Prison time for threats against mayor and PvdA leader
A 49-year-old man from Albergen in Overijssel has been sentenced to five months in prison, three suspended, for making threats and other intimidating behaviour towards the mayor of the town.
The man was totally opposed to a decision to house asylum seekers in a former hotel in the town, which was later set alight.
A meeting to inform locals of the plan, at which the man was present, escalated into the harassment of mayor Anko Postma and local councillors. “We were like rats in a trap,” the magistrate quoted the mayor as saying.
The man left the meeting, returning with a GPS tracker which he placed underneath the mayor’s car. The airtag was found by accident by his daughter who detected it on her phone.
According to the man, the mayor did not live in Tubbergen, of which Albergen forms part, and the tracker was meant to prove it, he said.
Apart from placing the tracker, the man had also shared pictures of Postma’s house and a picture of a gun pointed at the hotel. He also posted photos that referred to World War II, in which the mayor was called a “Nazi whore” and a “traitor”.
“This is fearmongering and is undermining the authority of the mayor,” the magistrate said. The man has also been banned from contacting the mayor for three years or coming near the town hall during that time.
Timmermans
On Tuesday, a court in The Hague sentenced a 54-year-old man to a year in jail, six months suspended, for threatening PvdA leader Frans Timmermans and for possessing a loaded gun.
The man placed a text accompanied by a GIF of a guillotine in action, which, the judge said, constituted a death threat.

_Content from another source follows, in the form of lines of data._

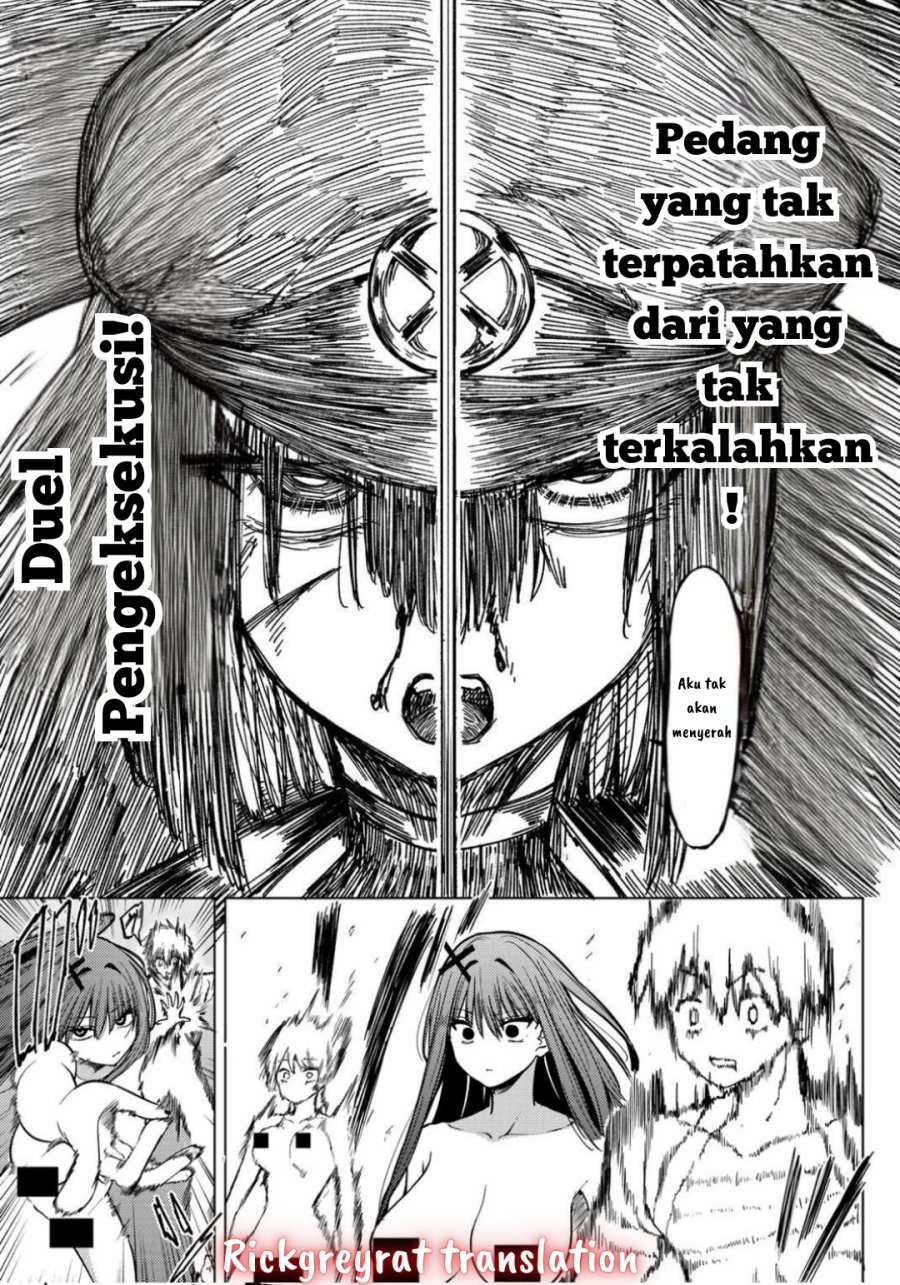 Kurotsuki no Yaergnacht Chapter 12 page 20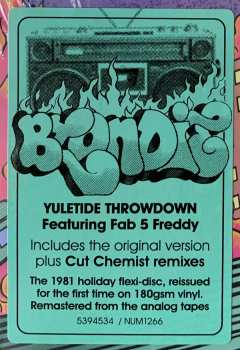 LP Blondie: Yuletide Throwdown LTD 100277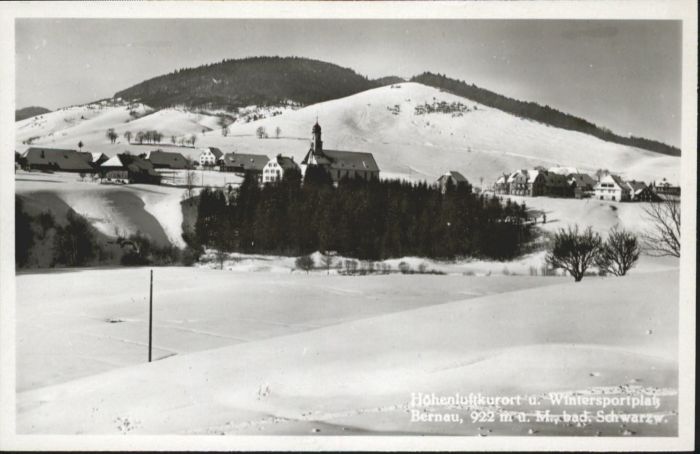 Bernau Schwarzwald Bernau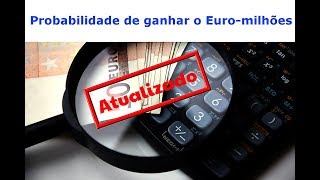 Probabilidade  1 Como calcular a probabilidade do Euromilhões [upl. by Nilesoy510]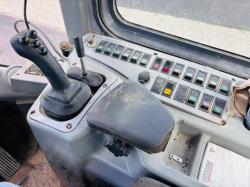 DOOSAN DL400 LOADING SHOVEL*DIESEL ISSUES*STARTS,RUNS,DRIVES*VIDEO*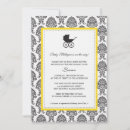 Recherche de damask baby shower invitations Damer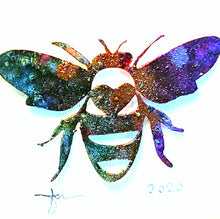 Load image into Gallery viewer, 'Honey Heart'-Sourdough Rum Coddiwomple 4"x4"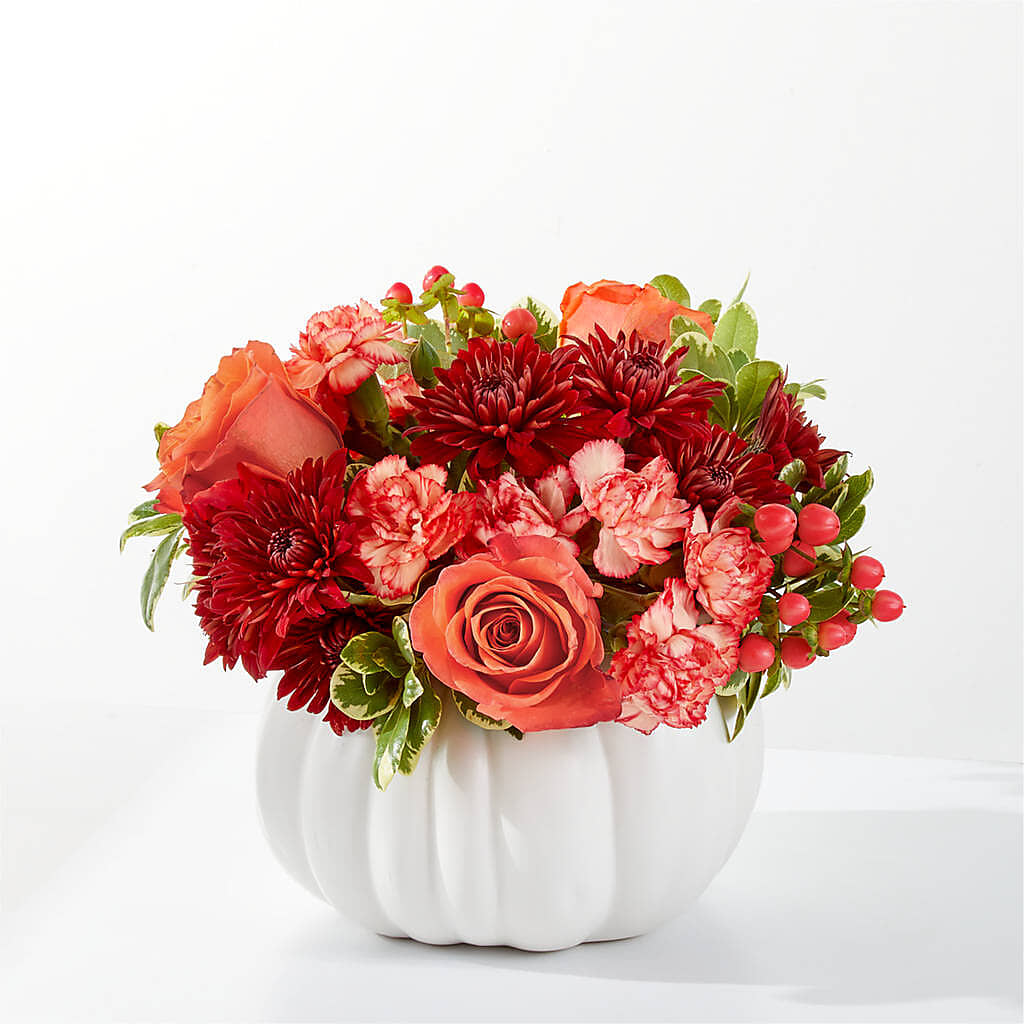 Autumn Air Pumpkin Bouquet – DEE'S FLORAL & DESIGNS, Fairmont MN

When police searched his house they found a large amount of ammunition and guns, one of which had a shortened stock and barrel.
More threats
A total of 67 people were prosecuted last year for threatening MPs and cabinet ministers, nearly double the number in 2022.
The specialist police team dealing with threats towards politicians received 750 complaints in 2023, while the prosecution service said the law had been broken in 600 cases.
The increase in cases coming to court was partly because relatively more threats came from the Netherlands rather than abroad, making it easier to identify and prosecute the culprits.